═════ Source data ═════

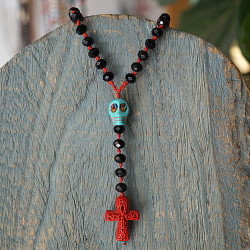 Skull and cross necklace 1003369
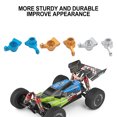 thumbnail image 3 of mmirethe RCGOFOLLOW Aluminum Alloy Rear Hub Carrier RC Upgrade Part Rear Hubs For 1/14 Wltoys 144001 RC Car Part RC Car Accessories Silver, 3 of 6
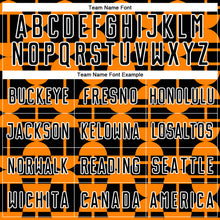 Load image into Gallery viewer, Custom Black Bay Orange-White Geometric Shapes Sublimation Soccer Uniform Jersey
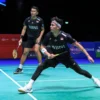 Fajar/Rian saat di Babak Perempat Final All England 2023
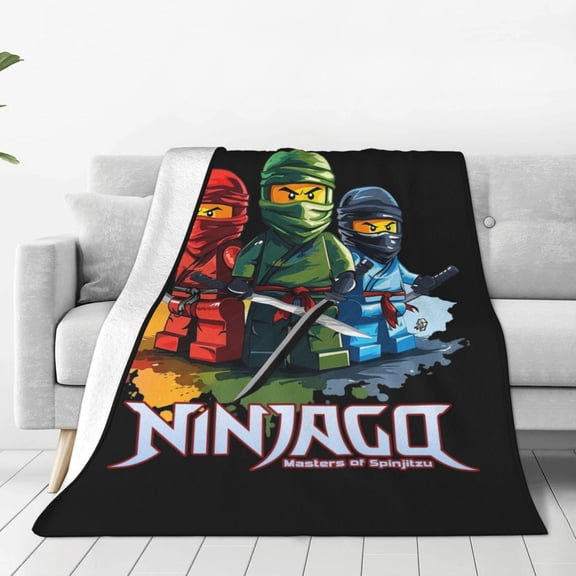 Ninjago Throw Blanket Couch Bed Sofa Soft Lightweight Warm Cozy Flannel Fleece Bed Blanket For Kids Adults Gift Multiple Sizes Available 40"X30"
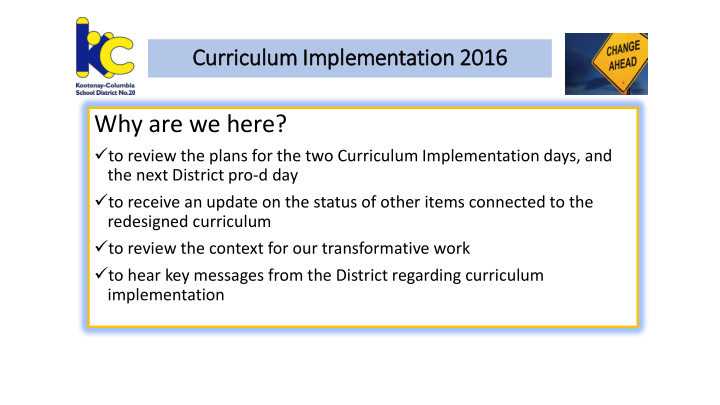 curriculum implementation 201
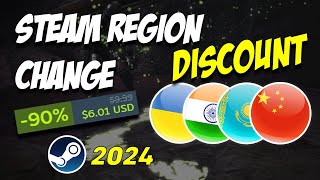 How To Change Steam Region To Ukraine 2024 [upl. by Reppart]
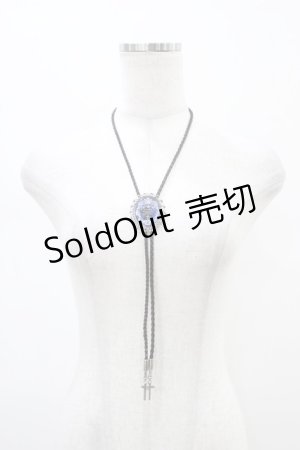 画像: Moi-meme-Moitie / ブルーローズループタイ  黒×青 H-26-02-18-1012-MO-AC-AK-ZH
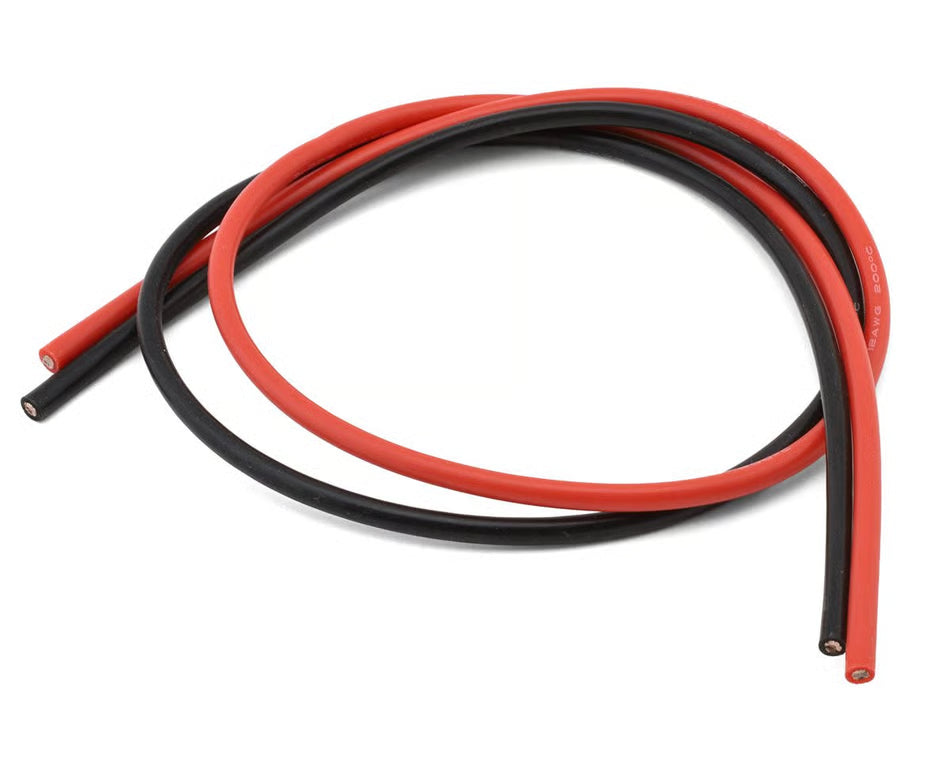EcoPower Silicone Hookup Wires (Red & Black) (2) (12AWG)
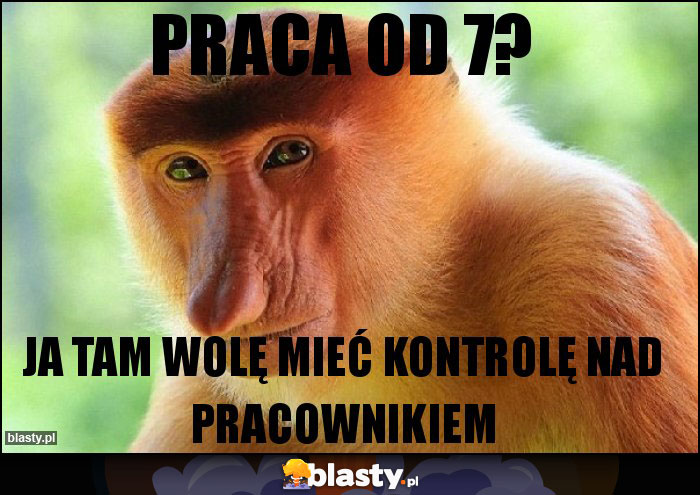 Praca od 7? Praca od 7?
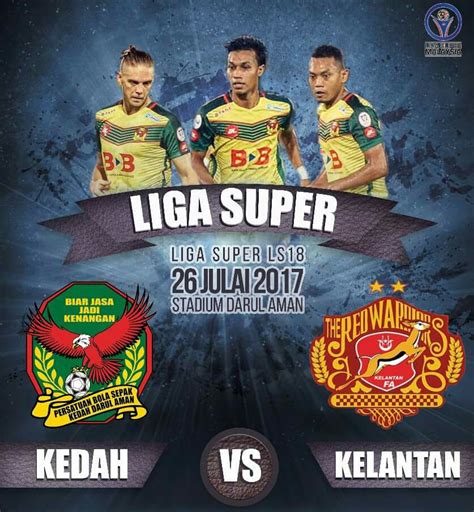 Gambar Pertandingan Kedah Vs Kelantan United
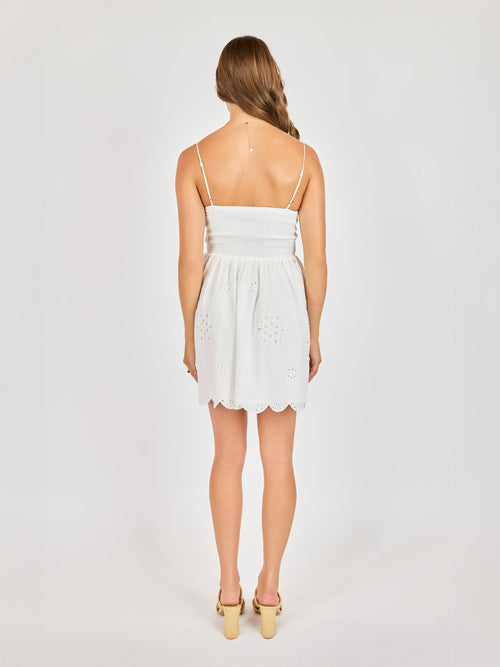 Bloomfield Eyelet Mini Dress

═════

### What you have to do
I'd like every record transcribed exactly, with no pictures carried over.

### Task answer
 Skull and cross necklace 1003369
 thumbnail image 3 of mmirethe RCGOFOLLOW Aluminum Alloy Rear Hub Carrier RC Upgrade Part Rear Hubs For 1/14 Wltoys 144001 RC Car Part RC Car Accessories Silver, 3 of 6
 Load image into Gallery viewer, Custom Black Bay Orange-White Geometric Shapes Sublimation Soccer Uniform Jersey
 Fajar/Rian saat di Babak Perempat Final All England 2023
 Ninjago Throw Blanket Couch Bed Sofa Soft Lightweight Warm Cozy Flannel Fleece Bed Blanket For Kids Adults Gift Multiple Sizes Available 40"X30"
 curriculum implementation 201
 How To Change Steam Region To Ukraine 2024 [upl. by Reppart]
 画像: Moi-meme-Moitie / ブルーローズループタイ  黒×青 H-26-02-18-1012-MO-AC-AK-ZH
EcoPower Silicone Hookup Wires (Red & Black) (2) (12AWG)
 Praca od 7? Praca od 7?
 Gambar Pertandingan Kedah Vs Kelantan United
 Bloomfield Eyelet Mini Dress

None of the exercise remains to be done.